KANIGARAN - Asisten Perekonomian dan Pembangunan (Asekbang) Setda Kota Setiorini Sayekti menanggapi kenaikan harga cabe rawit dan tomat yang memberi pengaruh penting terjadinya inflasi di Kota Probolinggo selama Desember 2020 lalu. Dimana inflasi yang tinggi dibutuhkan sebagai pertanda tumbuhnya perekonomian di suatu daerah. Hal itu disampaikannya dalam siaran pers yang digelar di Radio Suara Kota, Kamis (14/1) siang.
“Inflasi yang cukup tinggi (di Bulan Desember lalu), memang dibutuhkan sebagai tanda ekonomi tumbuh. Dalam artian, masyarakat melakukan aktivitas ekonomi, tapi di satu sisi, inflasi dapat dirasakan masyarakat di komoditas-komoditas tertentu,” ujarnya.
Dari pantauan harga beberapa komoditas di pasar jujugan masyarakat kota, memang ada kenaikan di bulan Desember. Bahkan harga cabai rawit, menyentuh harga Rp 90.000 per kilo gram per hari ini (14/1) di Pasar Kronong.
Sementara itu, Kepala Perwakilan BI Malang Azka Subhan Aminurridho lewat sambungan telepon mengatakan, inflasi ibarat tekanan darah yang ada didalam tubuh manusia. Inflasi yang berhasil dicapai sebesar 1,88 persen, berdasarkan tingkat inflasi tahun kalender Desember 2020 dan tingkat inflasi tahun ke tahun (Desember 2020 terhadap Desember 2019), tergolong rendah.
“IHK (Indeks Harga Konsumen, red) capaiannya cukup rendah, tapi lumayan bahkan bisa bilang sangat bagus dan berada di kisaran 3,0 plus minus 1 persen. Karena kalau inflasi terlalu rendah, nanti pertumbuhan ekonominya juga akan turun. Angka ini cukup baik di saat pandemi, apalagi mengingat Desember juga ada momen libur panjang,” ujarnya.
Azka menilai, capaian ini tak bisa dibilang jelek karena tanda-tanda atau geliat tren pertumbuhan ekonomi justru terlihat sedang naik di masa ini.

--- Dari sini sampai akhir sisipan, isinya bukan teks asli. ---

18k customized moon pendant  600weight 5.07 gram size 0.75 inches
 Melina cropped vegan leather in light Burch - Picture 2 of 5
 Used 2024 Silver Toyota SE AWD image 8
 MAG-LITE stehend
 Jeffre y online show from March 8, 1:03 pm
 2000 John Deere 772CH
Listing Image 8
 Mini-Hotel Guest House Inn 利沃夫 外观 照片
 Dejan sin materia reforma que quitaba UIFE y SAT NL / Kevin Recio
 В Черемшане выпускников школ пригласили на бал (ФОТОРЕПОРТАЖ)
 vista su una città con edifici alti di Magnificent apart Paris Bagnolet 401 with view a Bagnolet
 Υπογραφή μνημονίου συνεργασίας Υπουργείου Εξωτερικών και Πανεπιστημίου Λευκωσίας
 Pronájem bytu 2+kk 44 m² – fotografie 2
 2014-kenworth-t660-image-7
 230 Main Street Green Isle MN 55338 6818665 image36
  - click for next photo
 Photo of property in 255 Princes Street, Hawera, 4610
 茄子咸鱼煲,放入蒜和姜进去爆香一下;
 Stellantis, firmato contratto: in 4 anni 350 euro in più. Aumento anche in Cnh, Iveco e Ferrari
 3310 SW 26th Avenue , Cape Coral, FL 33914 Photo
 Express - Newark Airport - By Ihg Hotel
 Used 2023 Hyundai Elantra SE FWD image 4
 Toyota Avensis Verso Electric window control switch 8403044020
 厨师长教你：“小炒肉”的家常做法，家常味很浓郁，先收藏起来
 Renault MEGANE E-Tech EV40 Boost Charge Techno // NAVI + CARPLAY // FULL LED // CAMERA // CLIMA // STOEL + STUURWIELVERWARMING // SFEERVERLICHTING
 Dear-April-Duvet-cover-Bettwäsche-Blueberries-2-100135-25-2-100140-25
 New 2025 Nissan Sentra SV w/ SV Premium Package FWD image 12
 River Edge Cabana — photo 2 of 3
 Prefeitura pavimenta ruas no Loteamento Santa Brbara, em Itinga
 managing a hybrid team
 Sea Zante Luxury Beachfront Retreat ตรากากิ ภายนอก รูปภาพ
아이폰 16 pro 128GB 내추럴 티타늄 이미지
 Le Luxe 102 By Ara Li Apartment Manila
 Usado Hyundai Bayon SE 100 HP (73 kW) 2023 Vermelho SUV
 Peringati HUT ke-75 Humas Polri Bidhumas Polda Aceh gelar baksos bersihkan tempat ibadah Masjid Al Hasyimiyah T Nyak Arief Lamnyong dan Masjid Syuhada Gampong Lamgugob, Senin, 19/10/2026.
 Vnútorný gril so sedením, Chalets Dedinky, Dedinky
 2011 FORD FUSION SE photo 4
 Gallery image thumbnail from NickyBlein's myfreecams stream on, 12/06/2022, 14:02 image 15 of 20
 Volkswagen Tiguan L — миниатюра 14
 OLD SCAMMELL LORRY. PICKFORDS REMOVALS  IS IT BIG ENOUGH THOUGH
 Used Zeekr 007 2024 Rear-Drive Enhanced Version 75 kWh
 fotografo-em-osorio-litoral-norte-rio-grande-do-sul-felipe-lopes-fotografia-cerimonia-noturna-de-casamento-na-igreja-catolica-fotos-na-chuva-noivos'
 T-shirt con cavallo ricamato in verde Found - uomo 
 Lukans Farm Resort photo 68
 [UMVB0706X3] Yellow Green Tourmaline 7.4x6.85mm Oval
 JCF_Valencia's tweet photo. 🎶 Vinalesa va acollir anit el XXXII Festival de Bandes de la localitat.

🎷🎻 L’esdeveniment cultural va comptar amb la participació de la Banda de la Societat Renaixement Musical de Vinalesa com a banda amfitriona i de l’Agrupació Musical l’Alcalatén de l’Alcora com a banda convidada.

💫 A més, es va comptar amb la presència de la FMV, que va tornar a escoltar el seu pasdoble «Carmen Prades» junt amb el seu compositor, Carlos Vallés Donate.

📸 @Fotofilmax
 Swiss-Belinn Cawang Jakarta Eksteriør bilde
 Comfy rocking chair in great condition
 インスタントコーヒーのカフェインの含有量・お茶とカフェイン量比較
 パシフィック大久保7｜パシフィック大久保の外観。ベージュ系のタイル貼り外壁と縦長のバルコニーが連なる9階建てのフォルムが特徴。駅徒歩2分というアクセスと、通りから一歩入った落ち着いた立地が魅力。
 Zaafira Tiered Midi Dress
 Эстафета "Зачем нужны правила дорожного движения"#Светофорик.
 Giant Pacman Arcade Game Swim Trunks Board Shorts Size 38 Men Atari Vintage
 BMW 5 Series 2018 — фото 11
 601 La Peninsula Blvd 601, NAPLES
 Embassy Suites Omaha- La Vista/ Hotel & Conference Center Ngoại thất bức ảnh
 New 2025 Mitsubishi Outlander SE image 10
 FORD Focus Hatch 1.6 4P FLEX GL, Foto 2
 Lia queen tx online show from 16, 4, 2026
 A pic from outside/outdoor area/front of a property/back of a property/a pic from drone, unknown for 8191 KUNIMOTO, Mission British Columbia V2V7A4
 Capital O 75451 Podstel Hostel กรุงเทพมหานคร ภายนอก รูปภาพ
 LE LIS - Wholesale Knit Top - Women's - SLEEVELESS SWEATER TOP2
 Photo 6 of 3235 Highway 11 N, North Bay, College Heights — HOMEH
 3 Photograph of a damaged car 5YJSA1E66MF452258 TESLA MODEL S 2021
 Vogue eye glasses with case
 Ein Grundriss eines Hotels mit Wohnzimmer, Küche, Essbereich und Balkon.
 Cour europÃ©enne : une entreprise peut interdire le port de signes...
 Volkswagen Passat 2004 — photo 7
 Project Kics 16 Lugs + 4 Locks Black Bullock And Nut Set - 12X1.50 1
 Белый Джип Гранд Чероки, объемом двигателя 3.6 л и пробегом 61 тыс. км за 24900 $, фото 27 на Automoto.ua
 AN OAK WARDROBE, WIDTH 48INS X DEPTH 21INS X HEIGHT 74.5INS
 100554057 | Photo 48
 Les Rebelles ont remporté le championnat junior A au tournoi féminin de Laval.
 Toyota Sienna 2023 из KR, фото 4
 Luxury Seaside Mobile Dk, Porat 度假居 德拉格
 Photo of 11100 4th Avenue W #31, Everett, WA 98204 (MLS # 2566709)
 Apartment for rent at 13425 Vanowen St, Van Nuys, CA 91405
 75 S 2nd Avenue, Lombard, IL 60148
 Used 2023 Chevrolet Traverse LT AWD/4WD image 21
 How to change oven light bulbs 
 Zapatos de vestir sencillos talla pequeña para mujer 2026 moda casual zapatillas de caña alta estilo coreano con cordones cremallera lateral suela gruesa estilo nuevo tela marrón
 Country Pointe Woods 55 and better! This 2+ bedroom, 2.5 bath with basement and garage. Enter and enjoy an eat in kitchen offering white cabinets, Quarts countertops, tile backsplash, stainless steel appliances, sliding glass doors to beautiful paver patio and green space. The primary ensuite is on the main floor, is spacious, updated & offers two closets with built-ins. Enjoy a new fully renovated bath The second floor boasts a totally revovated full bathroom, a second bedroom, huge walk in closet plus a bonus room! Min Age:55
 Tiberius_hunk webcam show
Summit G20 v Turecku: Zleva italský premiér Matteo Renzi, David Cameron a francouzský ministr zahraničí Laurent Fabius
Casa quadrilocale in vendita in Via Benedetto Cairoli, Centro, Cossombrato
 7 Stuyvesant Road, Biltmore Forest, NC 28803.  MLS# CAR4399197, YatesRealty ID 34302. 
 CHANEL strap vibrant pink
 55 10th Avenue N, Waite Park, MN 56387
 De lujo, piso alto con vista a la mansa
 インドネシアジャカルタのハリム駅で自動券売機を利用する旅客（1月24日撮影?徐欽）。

Tumbuhnya daya beli masyarakat diharapkan dapat memicu pertumbuhan ekonomi Kota Probolinggo. Karena konsumsi swasta atau masyarakat akan berkontribusi secara signifikan terhadap pertumbuhan ekonomi yang ada.
“BI memperkirakan realisasi inflasi tahun ini lebih rendah atau sedikit lebih tinggi dari tahun 2019, dibandingkan target inflasi nasional yang berada di kisaran tiga koma nol, plus minus satu persen,” pungkasnya.
Sementara itu, Kepala Badan Pusat Statistik (BPS) setempat Heri Sulistio menjelaskan, selain komoditas cabe rawit dan tomat atau golongan kelompok pengeluaran makanan, minuman dan tembakau, komoditas lain yang memicu tingginya angka inflasi adalah tongkol yang diawetkan, cabai merah, daging ayam ras, telur ayam ras, udang basah, ikan tongkol, angkutan antar kota dan buah pir.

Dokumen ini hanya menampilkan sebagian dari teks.